*PROBLEM DESCRIPTION*.
Everything in the data must be repeated exactly, apart from the pictures, which are left out.

··· PROVIDED MATERIAL ···

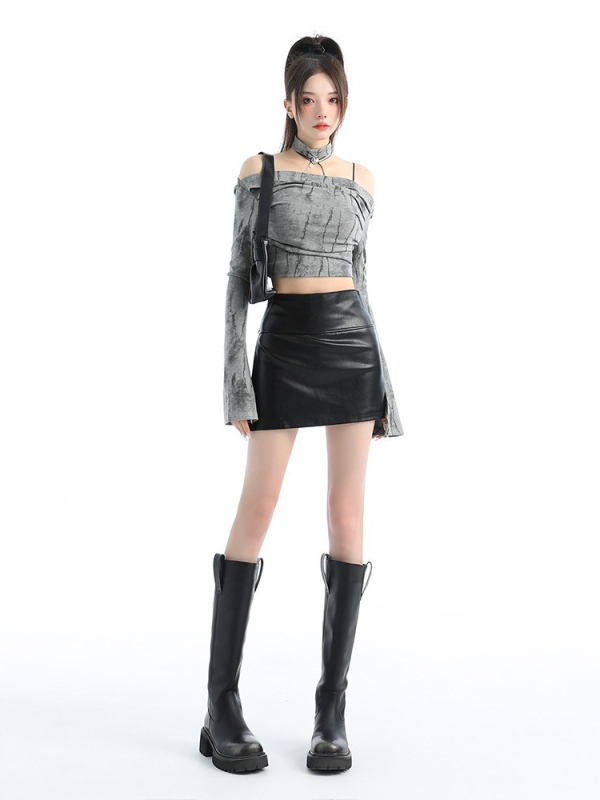 PU kožna kratka suknja za žene – tip A, jednobojna, poliester 70-80%, jesen-zima 2025, elegantan poslovni stil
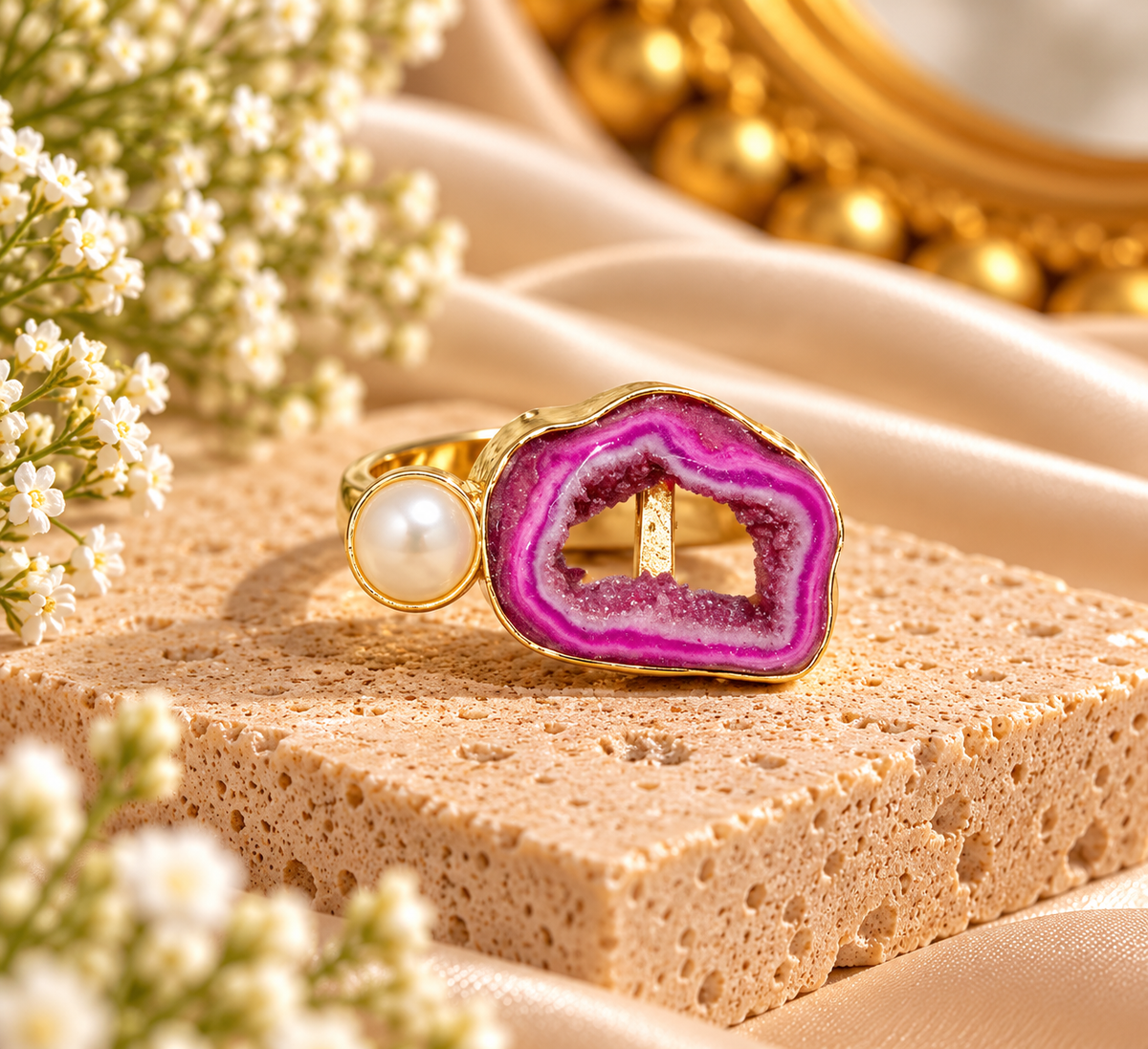 Magenta Geode Pearl Ring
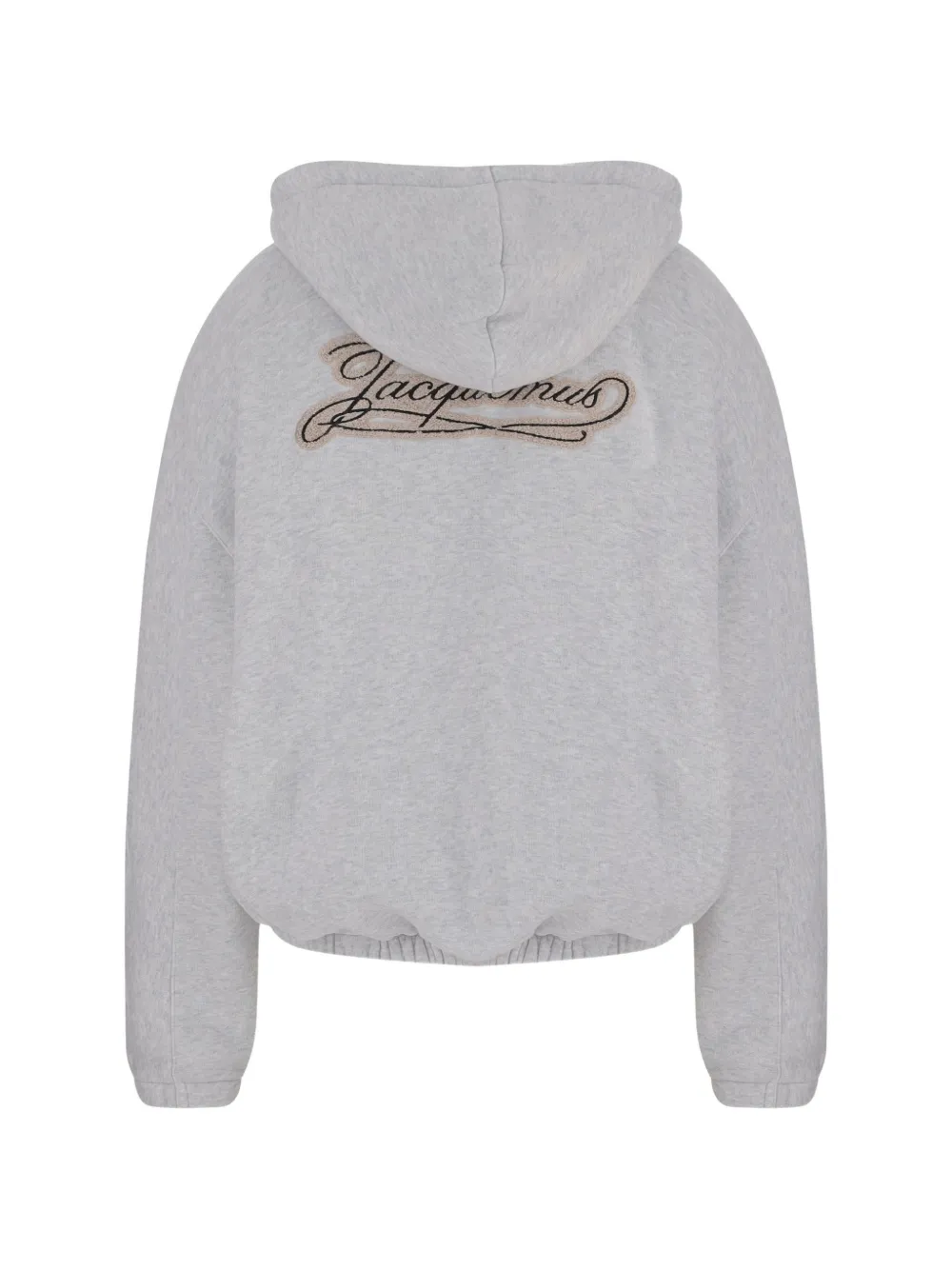 Jacquemus logo-embroidered zip-up hoodie Grijs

···

*EXERCISE RESULT*.
 PU kožna kratka suknja za žene – tip A, jednobojna, poliester 70-80%, jesen-zima 2025, elegantan poslovni stil
 Magenta Geode Pearl Ring
 Jacquemus logo-embroidered zip-up hoodie Grijs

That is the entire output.